Speaking to PinkNews today, Mr Fabricant said: “The continued delay in lifting the all out ban on sexually active gay people from donating blood is endangering life.  I shall continue to harry the Department of Health on this issue.  Before the election they told me at a crisis meeting that they would initiate research into the prevalence of HIV and Hepatitis in the gay population generally, the married of civil partnered gay population, and compare it with the population as a whole.  After continued questioning by me, they revealed that none of their research is up to date.

“While the issue of contaminated blood must remain the most important factor for the blood donation service, to ban a sizeable proportion of the population from donating blood at a time of national blood shortages without real evidence to support the ban, makes no scientific sense”.

Despite the shortages, gay and bisexual men are still banned from donating blood if they have had sex in the previous twelve months.

In a number of European countries, MSM still face lifetime bans on blood donations under regulations introduced at the height of the AIDS crisis. In the UK, MSM currently face a 12-month deferral period.
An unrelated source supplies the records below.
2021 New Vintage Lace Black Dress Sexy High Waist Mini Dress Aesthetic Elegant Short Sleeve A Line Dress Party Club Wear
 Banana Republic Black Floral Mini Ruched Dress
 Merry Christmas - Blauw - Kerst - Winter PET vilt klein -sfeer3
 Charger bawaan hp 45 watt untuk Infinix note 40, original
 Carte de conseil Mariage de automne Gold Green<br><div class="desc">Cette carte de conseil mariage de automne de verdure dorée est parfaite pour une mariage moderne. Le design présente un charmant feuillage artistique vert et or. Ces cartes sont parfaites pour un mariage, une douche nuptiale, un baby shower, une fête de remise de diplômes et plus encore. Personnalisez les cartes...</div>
The Court of Justice of the European Union ruled in April that it may be justified to indefinitely ban men from giving blood, while hearing the case of a French man who was refused the right to do so.

Though a lifetime ban has been lifted in England, Scotland and Wales, it is not yet abolished across the UK as the Northern Irish DUP refuses to lift the lifetime ban.

Mr Fabricant, the Conservative MP for Lichfield, introduced a Private Member’s Bill last year calling for the gay blood ban to be removed.

On introducing the bill, Mr Fabricant said: “This still does not make sense.  It cannot be logical that a gay man practising safe sex with a single partner is banned from giving blood while a straight man having unsafe sex with multiple partners can. There is no logic to this and it is unnecessarily discriminatory.”

The Northern Irish Department of Health recently admitted it does not have any evidence to back up maintaining a lifetime ban on gay and bisexual men donating blood – but successive Democratic Unionist Party Health Ministers have refused to budge on the issue.

The British Government in January said it was considering whether to conduct a study into whether gay or bisexual men in monogamous, same-sex relationships should still have to wait 12 months after having sex to donate blood.